The Suitable Way to Handle Imbalanced Datasets in an Organization
Tips to organize imbalanced datasets.
Resample the training set
Apart from using different evaluation criteria, one can also work on getting a different dataset. Two approaches to make a balanced dataset out of an Imbalanced datasets one are under-sampling and oversampling.
Under-sampling balances the dataset by reducing the size of the abundant class. This method is used when the quantity of data is sufficient. By keeping all samples in the rare class and randomly selecting an equal number of samples in the abundant class, a balanced new dataset can be retrieved for further modelling.
On the contrary, oversampling is used when the quantity of data is insufficient. It tries to Imbalanced datasets the dataset by increasing the size of rare samples. Rather than getting rid of abundant samples, new rare samples are generated by using e.g., repetition, bootstrapping or SMOTE (Synthetic Minority Over-Sampling Technique).
Use K-fold Cross-Validation in the right way
It is noteworthy that cross-validation should be applied properly while using an over-sampling method to address Imbalanced datasets problems.

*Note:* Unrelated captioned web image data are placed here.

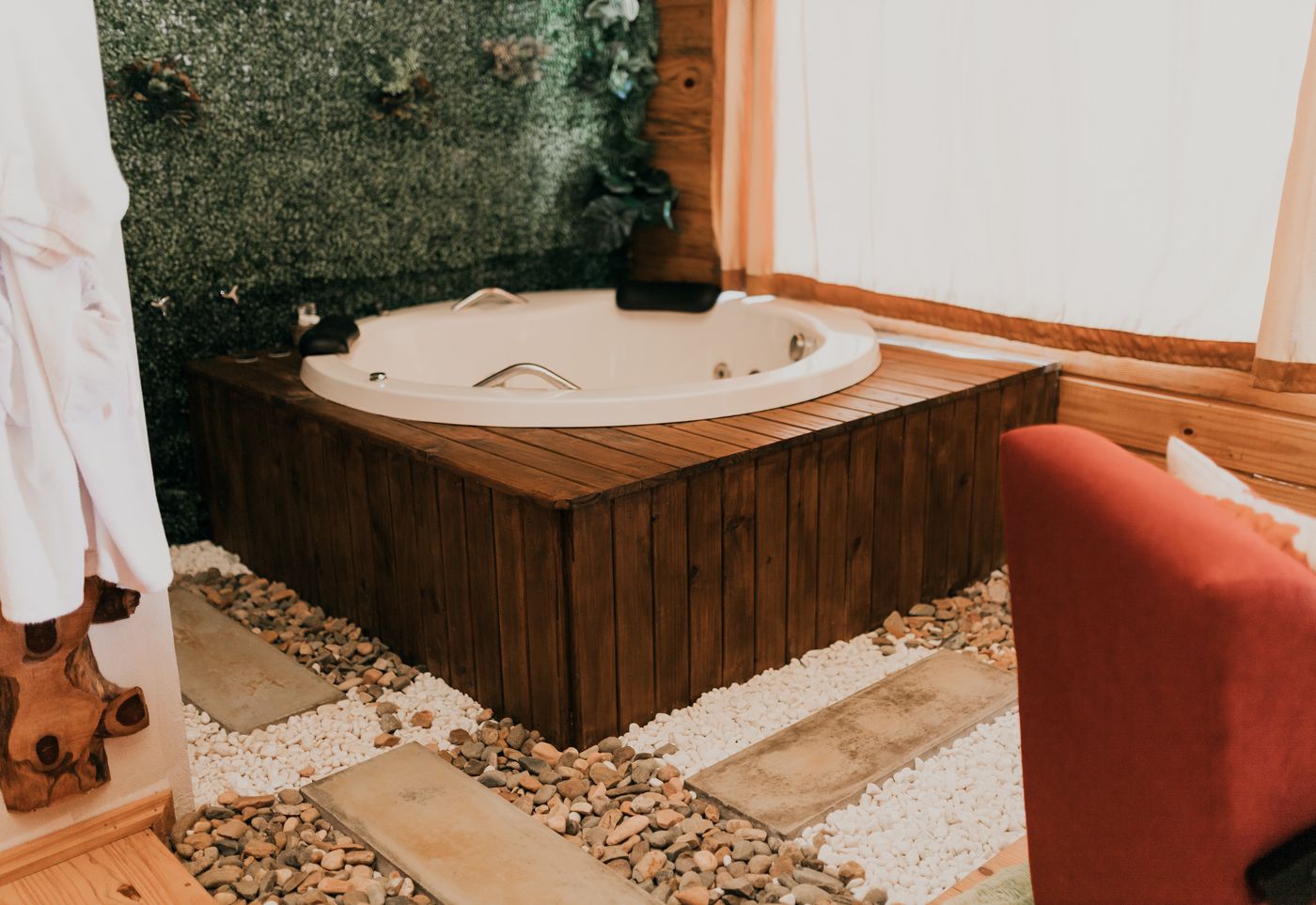 Banheira de hidromassagem com parede de plantas na cabana Ylang Ylang
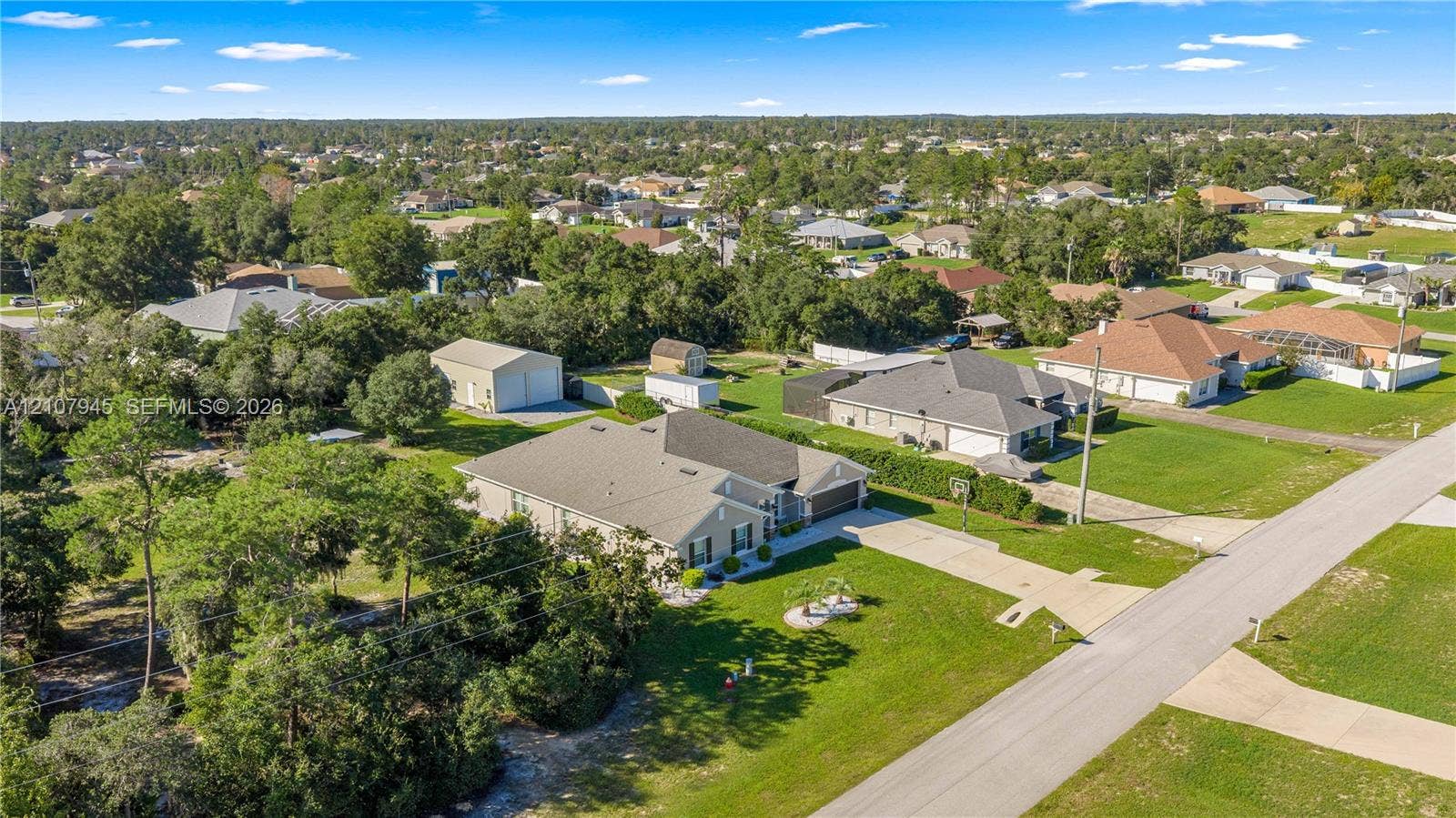 Aerial view of a property featuring a single-story residence, a multi-car paved driveway, a detached metal-sided storage structure, and expansive grounds with mature trees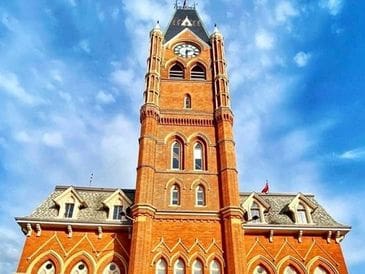 A tall red-brick clock tower against a blue sky with clouds.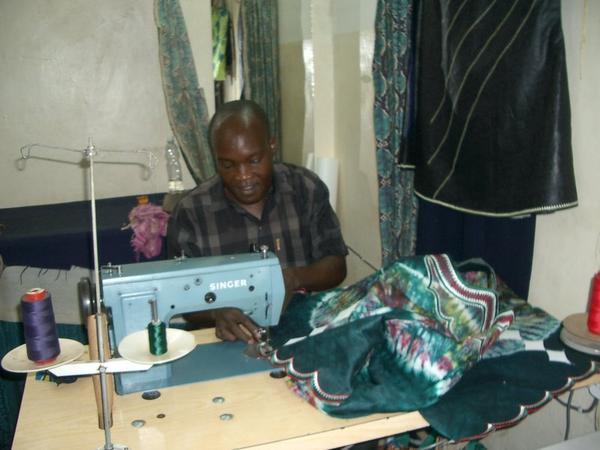Joelle at his sewing machine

Keep in mind that over-sampling takes observed rare samples and applies bootstrapping to generate new random data based on a distribution function. If cross-validation is applied after over-sampling, basically what we are doing is overfitting our model to a specific artificial bootstrapping result. That is why cross-validation should always be done before over-sampling the data, just as how feature selection should be implemented. Only by resampling the data repeatedly, randomness can be introduced into the Imbalanced datasets to make sure that there won’t be an overfitting problem.
Ensemble different resampled datasets
The easiest way to successfully generalize a model is by using more data. The problem is that out-of-the-box classifiers like logistic regression or random forest tend to generalize by discarding the rare class. One easy best practice is building n models that use all the samples of the rare class and n-differing samples of the abundant class. Given that you want to ensemble 10 models, you would keep e.g. the 1.000 cases of the rare class and randomly sample 10.000 cases of the abundant class. Then you just split the 10.000 cases in 10 chunks and train 10 different models. This approach is simple and perfectly horizontally scalable if you have a lot of data, since you can just train and run your models on different cluster nodes. Ensemble models also tend to generalize better, which makes this approach easy to handle.
Resample with different ratios
The previous approach can be fine-tuned by playing with the ratio between the rare and the abundant class. The best ratio heavily depends on the data and the models that are used. But instead of training all models with the same ratio in the ensemble, it is worth trying to ensemble different ratios. So if 10 models are trained, it might make sense to have a model that has a ratio of 1:1 (rare: abundant) and another one with 1:3, or even 2:1. Depending on the model used this can influence the weight that one class gets.